Yes, that’s the way to go! Start by rewarding 1-2 seconds of quiet. Gradually work your way up to minutes, then your full dinner. It might help if you feed her her own dinner in a puzzle toy while you eat. You can set up practice situations to work on this outside of dinner time, too.
“2nd question: Sam wakes at 5.30am, but we don’t want to start our day then. Any thoughts? Will she grow out of it?”
“We don’t want to start our day [at 5:30].” LOL, I bet you don’t.
Waking up too early is part of your initiation into dog ownership. You wouldn’t expect to sleep in with a new human baby. Same goes for dog babies. 18 weeks is still real young. She’ll grow out of it. You can slowly push back the wake-up time by getting up ten minutes later every morning (just ignore the whining). At that age, my pup River got me up at exactly 5:50am every day. Now she graciously allows me to sleep until 8:30.
“I have a 5 month old rott/hound mix. She puts everything in her mouth. Any suggestions on what is safe to let her chew?”
Check out this tutorial, steps 4-5 in particular. Dog-safe bones and rubber puzzle toys. High-value stuff like pig ears and hooves for when she’s driving you crazy and you need five minutes of peace. You can even give her carrots if she’s into it.
“I’ve had my new GSD puppy since [about two days ago]. She’s gorgeous and adorable but a real screamer. I know one must ignore her until the crying and whining stops, which I’m happy to do, but can you offer any additional advice for a puppy who seems to be naturally “winge-y”? Ideally I’d like to help her become calmer in her own interest as well as my nerves.

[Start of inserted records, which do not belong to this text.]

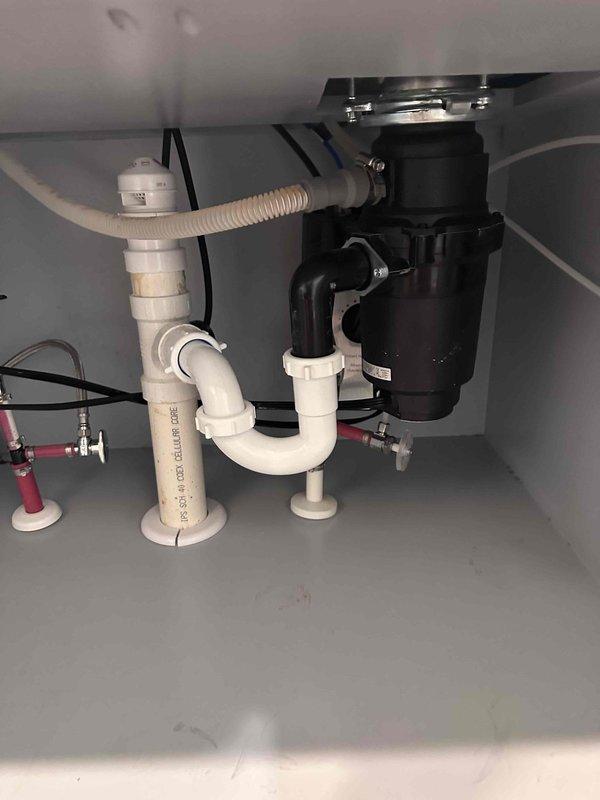 Inspected customer's electric water heater drainage system after reported concerns about water trapped in drain line. Upon examination, found functional PVC drainage setup with proper P-trap installation that is working as designed. Verified water in trap is normal and necessary to prevent sewer gas entry; system is operating correctly with no blockages or freezing issues observed. Inspected customer's electric water heater drainage system after reported concerns about water trapped in drain line. Upon examination, found functional PVC drainage setup with proper P-trap installation that is working as designed. Verified water in trap is normal and necessary to prevent sewer gas entry; system is operating correctly with no blockages or freezing issues observed.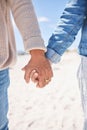 Beach, closeup and couple holding hands for love, commitment and marriage in nature. Travel, bonding and man and woman Royalty Free Stock Photo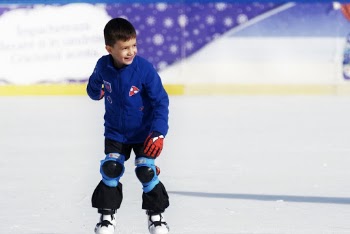 Photo of a boy smiling while skating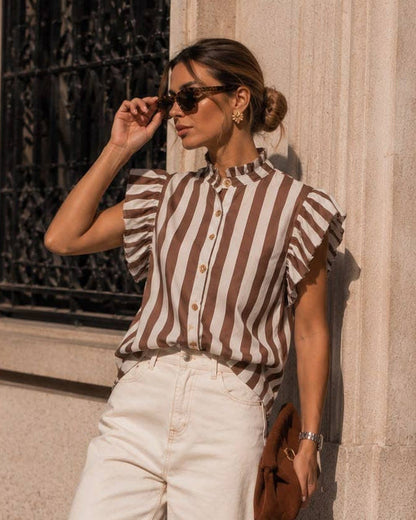 Calla Lily Cosmetics + CL kids striped cotton shirt with ruffled shoulders, stand-up collar, and wood-effect buttons.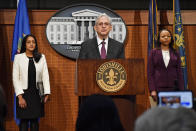 US Attorney General Merrick Garland, center, speaks during a press conference at Louisville Metro Hall in Louisville, Ky., Wednesday, March 8, 2023. The U.S. Justice Department has found Louisville police have engaged in a pattern of violating constitutional rights following an investigation prompted by the fatal police shooting of Breonna Taylor. Rear left is Associate Attorney General Vanita Gupta, and right is Assistant Attorney General Kristen Clarke. (AP Photo/Timothy D. Easley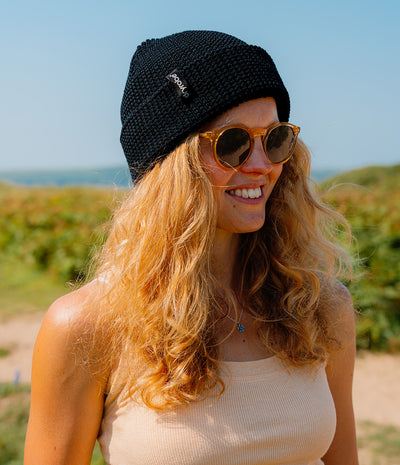 women wearing a black beanie with 'dryrobe' logo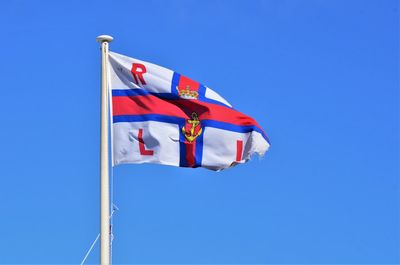 Low angle view of flag against blue sky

I know there’s a time warp during the first few days with a puppy. Time seems to drag on forever. It probably seems like an eternity since you brought her home. But look – it’s barely been two days! Two. Days. Her entire life has just been thrown upside down. She doesn’t know you. She’s probably wondering when her mom is going to come back and save her. It’s normal for her to fussy right now. To help her become calmer, you gotta do the important work of earning her trust, building a relationship, and helping her settle in.
My husband and I have a 5 month old Corgi, and we’ve been working on housebreaking since we brought her home at 3 months old. It seems like she gets it- she goes to the door, she holds it while we are at work, etc. But when people come over, it’s like all bets are off. She doesn’t give any acknowledgment that she needs to go outside, and instead just does her business in the dining room! Even when we take her outside preemptively, she won’t do anything, and instead prefers to go inside. Any suggestions on how we can stop this? Thank you so much!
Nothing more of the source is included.